[Excerpted records Boundary: Start]

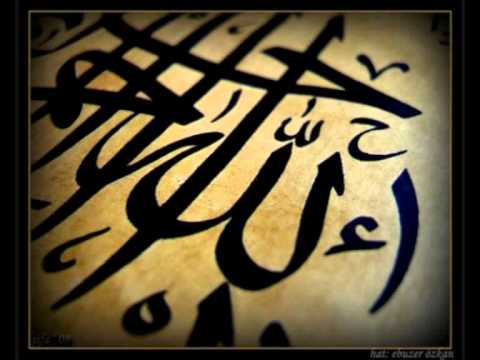 Surah Al-muzzammil - Mohammed Taha Al-junaid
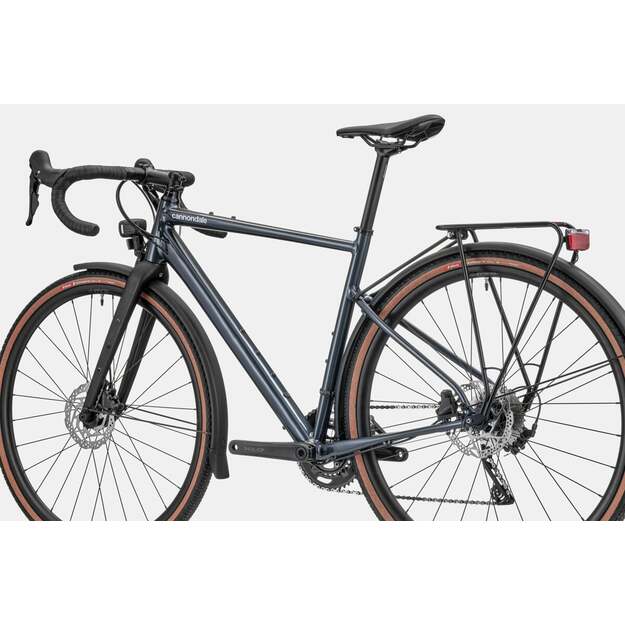 Dviratis CANNONDALE TOPSTONE EQ (C15225U10/TUB) 2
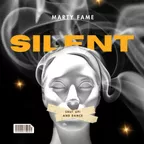 SILENT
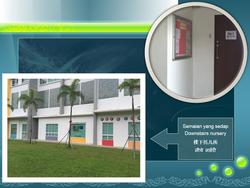 Blk 310B Ang Mo Kio Avenue 1 (Ang Mo Kio), HDB 4 Rooms #106343232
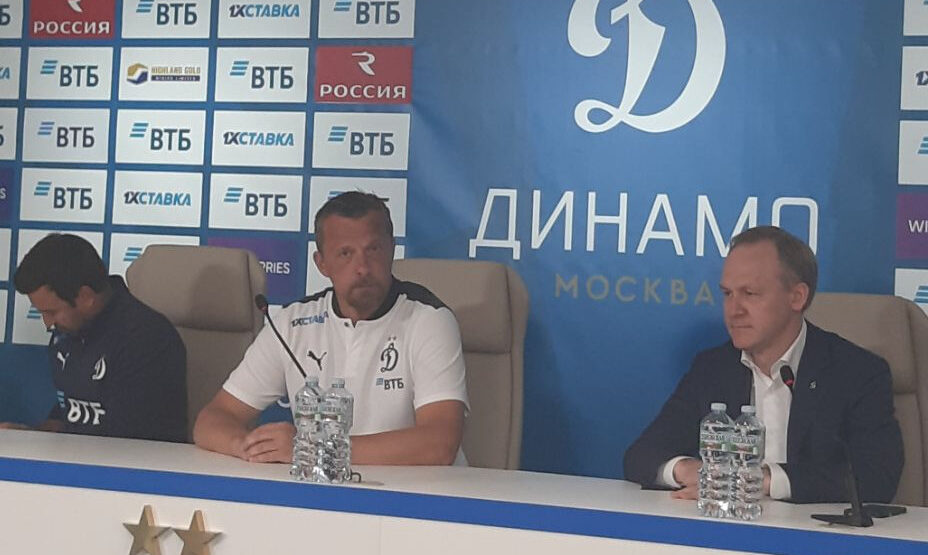 Славиша Йоканович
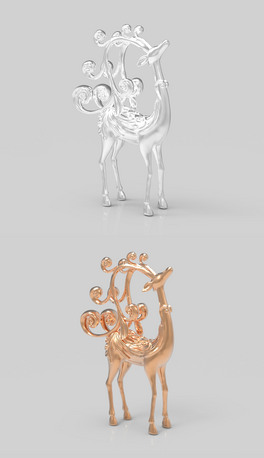 ͨ¹DEERSģ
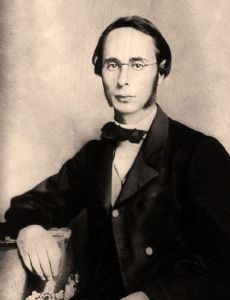 Hermann Herlitz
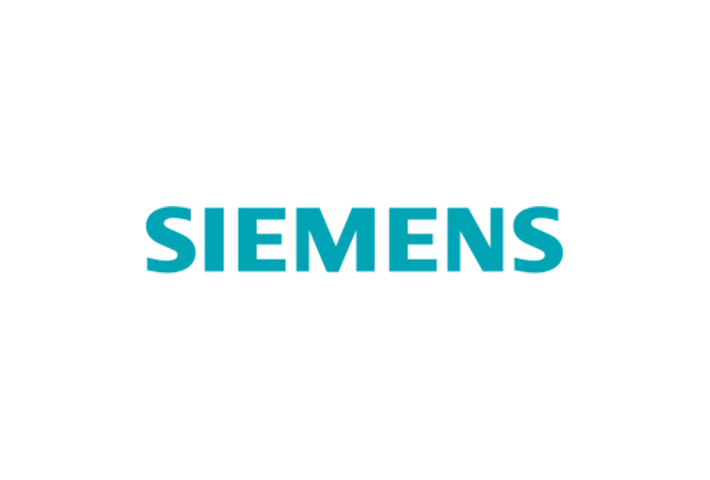 Siemens_new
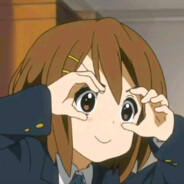 事已至此先吃个饭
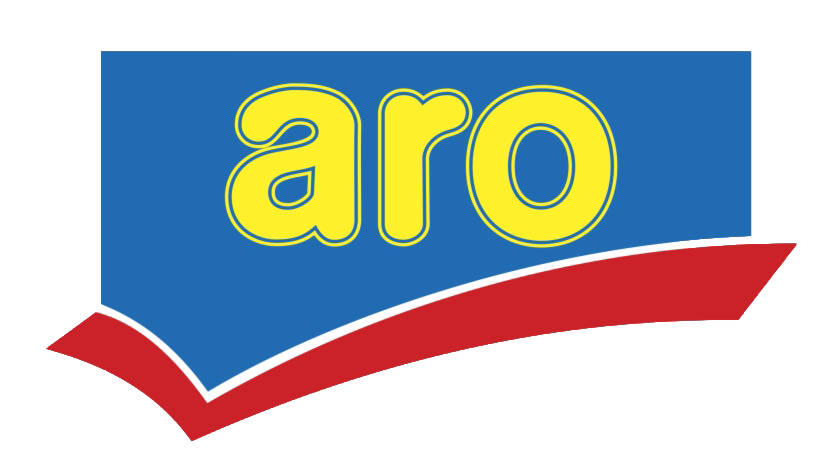 Aro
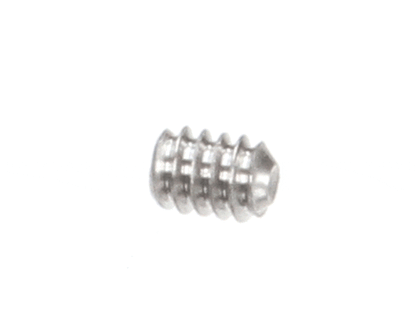 Hobart Sc-055-01 Screw (HOBSC-055-01)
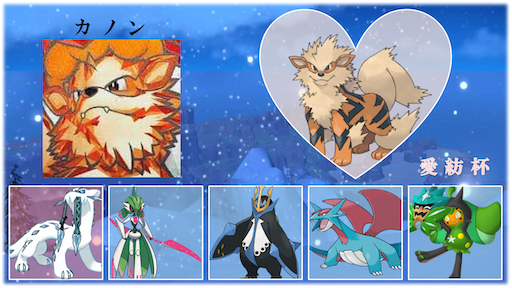 f:id:jyaretuku:20240214101113p:image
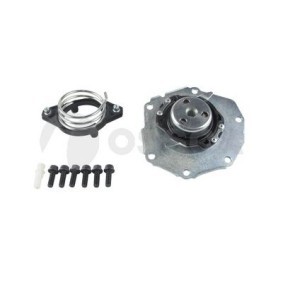 Achetez des Pompe à eau OSSCA 51493 à prix pour 77,67 €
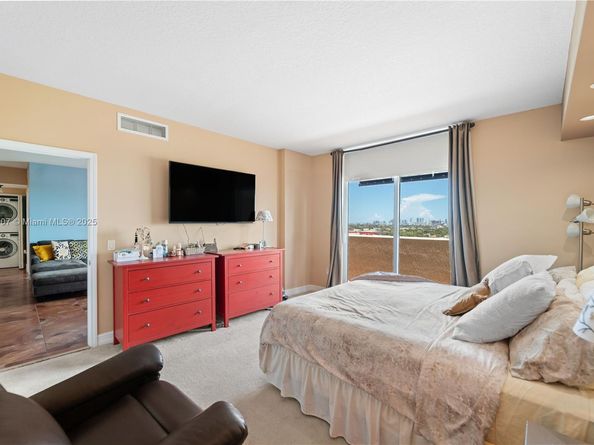 117 NW 42nd Ave 1611, Miami FL 33126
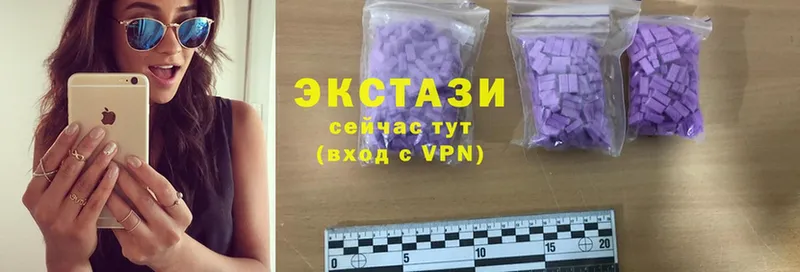 ссылка на мегу как войти  Рославль  Ecstasy Philipp Plein  где найти наркотики 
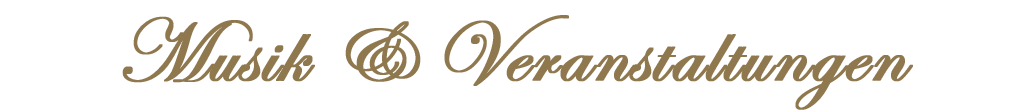 Musik_und_Veranstaltungen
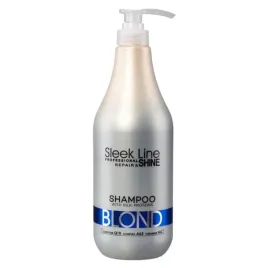 stapiz-blond-szampon-z-jedwabiem-do-wlosow-blond-siwych-niebieski-1000ml-1l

[Excerpted records Boundary: End]

Exercise: Without carrying over any pictures, retype the records above exactly.

Reply to the task:
 Surah Al-muzzammil - Mohammed Taha Al-junaid
 Dviratis CANNONDALE TOPSTONE EQ (C15225U10/TUB) 2
 SILENT
 Blk 310B Ang Mo Kio Avenue 1 (Ang Mo Kio), HDB 4 Rooms #106343232
 Славиша Йоканович
 ͨ¹DEERSģ
 Hermann Herlitz
 Siemens_new
 事已至此先吃个饭
 Aro
 Hobart Sc-055-01 Screw (HOBSC-055-01)
 f:id:jyaretuku:20240214101113p:image
 Achetez des Pompe à eau OSSCA 51493 à prix pour 77,67 €
 117 NW 42nd Ave 1611, Miami FL 33126
 ссылка на мегу как войти  Рославль  Ecstasy Philipp Plein  где найти наркотики 
 Musik_und_Veranstaltungen
 stapiz-blond-szampon-z-jedwabiem-do-wlosow-blond-siwych-niebieski-1000ml-1l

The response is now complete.